As chairman of CNCC he became one of Northern Ireland’s representatives on the Joint Nature Conservation Committee (JNCC), the statutory body advising the UK government and devolved administrations on their responsibilities under national and international legislation. After serving two terms in his CNCC role, his wide interests and encyclopaedic knowledge led him to another statutory position, this time as a trustee of the National Heritage Memorial Fund, which distributes a share of the money raised by the National Lottery. Throughout this period his passion for nature conservation remained undiminished and with Jo, his wife, he worked on a project originally established by Max Nicholson in Mallorca, to monitor biodiversity and environmental change in the Albufera wetland under the auspices of Earthwatch Europe. He eventually moved to Cirencester with Jo where he spent the last 15 years or so of his life. In Cirencester his organisational skills and contacts with a wide range of scientific expertise in biology and ecology were put to good use in his work for the Cirencester Science and Technology Society. He was a generous and warm-hearted man, always encouraging to colleagues and students. He was widely regarded with great affection. He never pulled rank and had a wide range of interests beyond academe – theatre, music and poetry in particular. And he had an enormous capacity for enjoyment and for sharing it with others.
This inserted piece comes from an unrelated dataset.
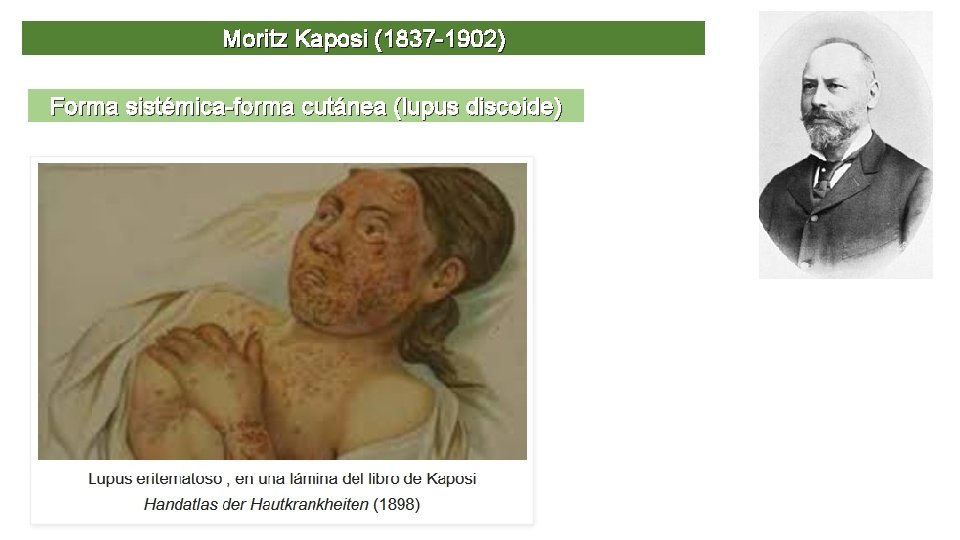 Moritz Kaposi (1837 -1902) Forma sistémica-forma cutánea (lupus discoide)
His annual garden parties for staff and students which he co-organised with Amyan Macfadyen in graduation week – the “Macfadybould” parties – quickly becoming an established event of the NUU social calendar. His friends were from all walks of life and reflected the breadth of his interests in the arts and sciences. Former university colleagues, students and fellow conservationists in government and the voluntary sector remember him as a cultured, imaginative and good-humoured man with immense intellectual energy. He is survived by his wife Jo and their three children: Elizabeth, Andrew and Susan. Palmer John Newbould, Born April 23rd, 1929. Died August 29th, 2016.